Re:What the hell is Larrabee? (Score:3, Informative)
No it wasn't. The later Pentium Pro [wikipedia.org] was the first Intel processor to use this method. The Nexgen Nx586 was the first ever (for x86 at least). AMD bought Nexgen and used them to create the K5 (launched slightly after the PPro).
On which scale.... (Score:4, Informative)
It's mainly a question of "on which scale are we comparing chips".
Yes, x86 instruction set is utterly ugly and horribly contrived, compared to nice contemporary architectures like 68k. Computing would probably be filled with less hoops had IBM decided to go with Motorolas for their PCs (as lot of other home computers or arcade and home console have done).
*BUT*
if we place GPUs on the same scale, suddenly the x86 shines : it doesn't completely suck at branching, and has an actual stack that can be used to call sub procedures, has interrupts, etc.
It is an architecture able to run an OS.
nVidia CUDA machine on the other hand, mainly use SIMD-masking for most conditional operation, aren't really brilliant when it comes to branching, and completely lack any way to do sub-procedures. Those chips have loads of register. But instead of using them to do register windows and do RISC-style sub calls, they use the registers to keep more thread in flight.
It definitely make a lot of sense from a functional point of view (those are GPUs, they are made to processing fuck-loads of pixels per seconds), but this makes them unable to run linux.
On that scale, having x86 on a GPU suddenly makes it a lot interesting for usages outside the usual "draw triangles very fast". Even if x86 sucks to begin with.
And for the record : there's hardly a way that the 68k architecture ever prevailed. It's a good one. But IBM was never seing its PC as anything better than a glorified terminal. For such kind of machine, there were of course going for the cheapest possible chip.
Given a choice between a half assed chip from Intel with a 16bit extension quickly tackled over a design inherited from early 8bit chips (8008, 8080 and concurrent Zx80 - most assembler code can be directly recompiler on 8088 after a few register renaming) AND a very nice chip from Motorola redesigned from the ground up to be a nice and clean 16/32 bits architecture designed for future expension :
Of course they will pick the Intel. It's cheaper and there's no need for a future proof 32bits processor in a fucking "Terminal Deluxe".

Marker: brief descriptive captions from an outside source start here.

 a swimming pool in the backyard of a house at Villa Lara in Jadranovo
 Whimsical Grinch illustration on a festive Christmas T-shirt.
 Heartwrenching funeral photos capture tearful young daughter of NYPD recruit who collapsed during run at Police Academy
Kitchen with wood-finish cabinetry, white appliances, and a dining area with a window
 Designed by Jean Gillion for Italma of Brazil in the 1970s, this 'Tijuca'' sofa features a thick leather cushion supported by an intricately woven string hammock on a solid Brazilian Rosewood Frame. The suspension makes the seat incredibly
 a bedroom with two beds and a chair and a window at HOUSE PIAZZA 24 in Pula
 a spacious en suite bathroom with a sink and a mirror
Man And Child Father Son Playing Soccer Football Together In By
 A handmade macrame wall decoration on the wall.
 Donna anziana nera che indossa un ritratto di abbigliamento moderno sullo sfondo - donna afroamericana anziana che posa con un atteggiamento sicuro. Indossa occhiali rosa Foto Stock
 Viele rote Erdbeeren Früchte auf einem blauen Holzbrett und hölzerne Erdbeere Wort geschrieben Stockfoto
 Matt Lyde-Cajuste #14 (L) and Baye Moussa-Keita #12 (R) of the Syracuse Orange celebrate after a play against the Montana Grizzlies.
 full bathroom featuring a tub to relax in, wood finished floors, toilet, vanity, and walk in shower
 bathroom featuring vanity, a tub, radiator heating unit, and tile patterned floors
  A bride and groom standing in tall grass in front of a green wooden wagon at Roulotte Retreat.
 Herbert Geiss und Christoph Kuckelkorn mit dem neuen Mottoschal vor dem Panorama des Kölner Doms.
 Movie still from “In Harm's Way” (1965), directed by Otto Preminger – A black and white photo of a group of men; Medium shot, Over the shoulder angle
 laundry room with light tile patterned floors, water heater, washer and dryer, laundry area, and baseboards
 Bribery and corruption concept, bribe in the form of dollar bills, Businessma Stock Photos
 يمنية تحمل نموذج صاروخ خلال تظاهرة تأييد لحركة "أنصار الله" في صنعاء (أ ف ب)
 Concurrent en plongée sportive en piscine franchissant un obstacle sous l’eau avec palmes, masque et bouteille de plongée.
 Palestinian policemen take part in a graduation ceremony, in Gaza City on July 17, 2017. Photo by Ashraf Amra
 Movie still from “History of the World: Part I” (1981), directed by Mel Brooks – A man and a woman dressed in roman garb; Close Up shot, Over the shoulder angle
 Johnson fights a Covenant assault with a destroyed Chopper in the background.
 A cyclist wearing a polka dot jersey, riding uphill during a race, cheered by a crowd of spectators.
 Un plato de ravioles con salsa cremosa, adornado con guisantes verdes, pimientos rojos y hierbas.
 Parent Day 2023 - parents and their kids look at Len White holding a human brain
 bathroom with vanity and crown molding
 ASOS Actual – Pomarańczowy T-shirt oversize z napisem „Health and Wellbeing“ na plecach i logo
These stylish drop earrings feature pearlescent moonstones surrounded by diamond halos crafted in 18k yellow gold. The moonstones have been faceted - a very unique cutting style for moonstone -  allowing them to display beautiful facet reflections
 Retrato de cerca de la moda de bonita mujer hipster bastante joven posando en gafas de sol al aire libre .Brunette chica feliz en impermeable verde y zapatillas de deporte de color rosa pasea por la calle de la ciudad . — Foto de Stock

And of course, because of the (relatively) low cost, because of the (very strong) brand recognition, because of the (somewhat) openness of the platform enabling clones (in the sense it was documented. Of course, Phoenix had to completely rewrite the BIOS because of copyright restrictions - but IBM considered Big Irons being they main products and didn't mind such clones), and because they were takin a relatively uncrowded market (most home computers were for homes, school, and small shops - PC were marketed for corporations) :
The PC was bound to take over the market very quickly - *with* its bad design (almost *because* of it). And was bound to set the standard, as bad this standard is.
And by then, it was too late for IBM to take a better architecture to produce a "Terminal Deluxe Pro Mark-III" with a clean 68k chip.
Of course, had the PC had a less crippled OS, designed to be slightly more extensible and making less assumption about the architecture than MS-DOS (you know the "we laid everything around 1MiB and though it would last for at least 10 years" by mr. Gates), perhaps a switch to a better different architecture could have been less painful, and a cleaner architecture could have blessed the PC world sooner.